One of the people I met my last day in Belgrade was Theresa. Theresa is an American and she teaches English in Sarajevo. She was nice enough to put me up in the empty bedroom in her flat seeing as I was headed that way. Check out the sweet view from my room.
My first day there, we took a day trip to Visoko, a nearby town with a budding claim to fame. It’s often been joked about that a particular hill in Visoko resembles a pyramid but only recently after viewing below the surface via satellite, it’s been purported that there is actually a pyramid underneath. To many anthropologists and other scientists this is a wild claim made by a man lacking credentials but excavation began not one month ago and I got to see what’s been uncovered so far. And here is shot of me at the top standing next to the Bosnia and Herzegovinian flag.

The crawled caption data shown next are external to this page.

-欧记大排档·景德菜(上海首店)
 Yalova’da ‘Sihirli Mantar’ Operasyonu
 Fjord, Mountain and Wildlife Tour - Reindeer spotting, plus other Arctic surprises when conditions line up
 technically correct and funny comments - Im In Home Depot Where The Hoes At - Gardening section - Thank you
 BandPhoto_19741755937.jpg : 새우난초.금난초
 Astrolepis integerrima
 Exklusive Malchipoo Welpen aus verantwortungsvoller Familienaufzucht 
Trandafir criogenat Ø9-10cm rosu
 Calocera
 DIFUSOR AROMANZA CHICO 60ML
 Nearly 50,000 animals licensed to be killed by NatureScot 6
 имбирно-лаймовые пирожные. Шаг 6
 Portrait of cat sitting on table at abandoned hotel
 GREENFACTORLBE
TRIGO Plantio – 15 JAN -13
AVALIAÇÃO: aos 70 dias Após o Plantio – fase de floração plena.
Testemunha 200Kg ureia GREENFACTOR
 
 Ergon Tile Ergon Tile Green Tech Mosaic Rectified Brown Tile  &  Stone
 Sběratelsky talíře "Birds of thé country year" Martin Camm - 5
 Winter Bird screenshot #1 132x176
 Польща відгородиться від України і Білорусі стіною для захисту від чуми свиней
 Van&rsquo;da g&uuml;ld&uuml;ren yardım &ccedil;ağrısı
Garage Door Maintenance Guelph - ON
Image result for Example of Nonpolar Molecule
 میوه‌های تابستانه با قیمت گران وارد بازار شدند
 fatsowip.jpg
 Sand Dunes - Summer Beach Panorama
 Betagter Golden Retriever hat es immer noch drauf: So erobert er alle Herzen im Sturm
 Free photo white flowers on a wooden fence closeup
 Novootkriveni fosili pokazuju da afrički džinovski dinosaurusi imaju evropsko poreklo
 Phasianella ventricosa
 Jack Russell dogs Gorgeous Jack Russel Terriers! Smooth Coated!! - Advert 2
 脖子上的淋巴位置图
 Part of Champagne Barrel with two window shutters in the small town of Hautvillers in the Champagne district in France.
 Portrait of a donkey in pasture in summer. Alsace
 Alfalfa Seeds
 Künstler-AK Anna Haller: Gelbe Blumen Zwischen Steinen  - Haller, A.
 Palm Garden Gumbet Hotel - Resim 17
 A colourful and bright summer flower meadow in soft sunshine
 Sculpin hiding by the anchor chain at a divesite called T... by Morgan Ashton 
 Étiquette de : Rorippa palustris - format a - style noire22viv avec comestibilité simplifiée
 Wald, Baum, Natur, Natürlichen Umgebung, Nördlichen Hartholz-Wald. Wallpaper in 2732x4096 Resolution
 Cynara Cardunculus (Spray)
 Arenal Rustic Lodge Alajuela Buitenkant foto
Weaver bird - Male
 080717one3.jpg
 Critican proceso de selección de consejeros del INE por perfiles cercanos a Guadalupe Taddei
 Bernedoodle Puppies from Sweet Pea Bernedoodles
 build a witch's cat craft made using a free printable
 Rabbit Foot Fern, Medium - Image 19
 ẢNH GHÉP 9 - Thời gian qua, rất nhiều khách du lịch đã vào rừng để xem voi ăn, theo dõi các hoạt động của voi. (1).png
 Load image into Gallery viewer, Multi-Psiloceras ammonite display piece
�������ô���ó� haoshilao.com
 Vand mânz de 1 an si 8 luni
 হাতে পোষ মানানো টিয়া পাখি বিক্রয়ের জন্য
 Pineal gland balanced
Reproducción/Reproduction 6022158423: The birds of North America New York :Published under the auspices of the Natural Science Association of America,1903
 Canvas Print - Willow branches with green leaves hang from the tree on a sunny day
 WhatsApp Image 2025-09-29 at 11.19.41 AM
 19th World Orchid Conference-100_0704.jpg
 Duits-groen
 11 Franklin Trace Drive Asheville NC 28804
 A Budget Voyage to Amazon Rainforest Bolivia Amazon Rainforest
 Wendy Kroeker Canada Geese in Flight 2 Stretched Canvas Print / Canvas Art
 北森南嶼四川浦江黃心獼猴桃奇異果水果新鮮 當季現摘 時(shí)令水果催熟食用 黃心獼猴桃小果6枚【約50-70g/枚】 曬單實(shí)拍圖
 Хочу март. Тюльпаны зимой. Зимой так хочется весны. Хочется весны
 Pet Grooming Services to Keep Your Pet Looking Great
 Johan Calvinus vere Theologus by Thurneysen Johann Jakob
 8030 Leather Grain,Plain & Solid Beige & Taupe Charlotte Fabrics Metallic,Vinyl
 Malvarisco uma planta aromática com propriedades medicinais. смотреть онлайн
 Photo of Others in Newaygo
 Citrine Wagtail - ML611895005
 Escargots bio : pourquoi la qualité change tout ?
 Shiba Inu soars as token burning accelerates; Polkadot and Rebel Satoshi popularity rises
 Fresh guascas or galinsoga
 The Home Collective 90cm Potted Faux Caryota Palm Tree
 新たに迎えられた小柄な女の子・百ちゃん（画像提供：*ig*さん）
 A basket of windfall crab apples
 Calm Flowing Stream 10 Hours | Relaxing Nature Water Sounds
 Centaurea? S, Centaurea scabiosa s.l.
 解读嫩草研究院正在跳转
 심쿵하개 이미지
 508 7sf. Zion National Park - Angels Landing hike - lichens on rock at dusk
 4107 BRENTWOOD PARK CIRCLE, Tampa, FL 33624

I’m no expert so don’t ask me if this is a legit pyramid. Just remember that if it turns out to be Europe’s first discovered pyramid, I saw it first and if it’s bogus, well, I told you so. The pyramid has lots of Bosnians excited because this would be Europe’s greatest tourist attraction and the country could use the influx of capital to help stabilize it’s fractured politcal union with the Republica Serbska and raise the standard of living of it’s people, in general. You can read up on the pyramid at www.piramidasunca.ba
The next day I visited the Tunnel Museum which is pretty interesting. Basically, the Sarajevans built this tunnel underneath the UN controlled airport to connect the Free Zone with areas under seige by the Serbs during the war. It was a literal lifeline allowing for transport of goods, civilians, soldiers, fuel, and even electricity. Without it, Sarajevo probably would have fallen, likely 300,000 more people would have been executed, and the area might be very different today.
The rest of my time in Sarajevo I spent hanging out with a group of locals, students to whom Theresa introduced me. Here a couple shots of us wylin out in Ildijana’s apartment one night, enhanced by the blue LED lighter I came to love and one of Selma out in main square of the city.
Sarajevo is a multi-ethnic place with a Mosque, Synagogue, Catholic, and an Orthodox Church all basically on the same street within 5 minutes of eachother. Old men play chess on oversized boards in the park and the place bustles with a Turkish style bazaar. After all, they were ruled by the Ottomans for centuries and they remain a pretty secular Muslim country today.
I had a great time hanging out, listening to Sevda (a type of traditional music), wathcing South Park DVDs in Theresa’s apartment, and of course, frequenting watering holes both common and chic. Everybody I met was interesting and hospitable. Plus the place has the silliest names for it’s snacks. Check out Theresa with a bag of Chipsy and my favorite-named snack, Barpy.
Anyplace with Barpy has to be said to be moving in the right direction. Bosnia is a beautiful place and for their sake, I hope the pyramid turns out to be real but if not, they’ll be OK. One thing about the people there (besides how cool they are) is that they are survivors.
After a week of good times in Sarajevo, next stop, Split, Croatia.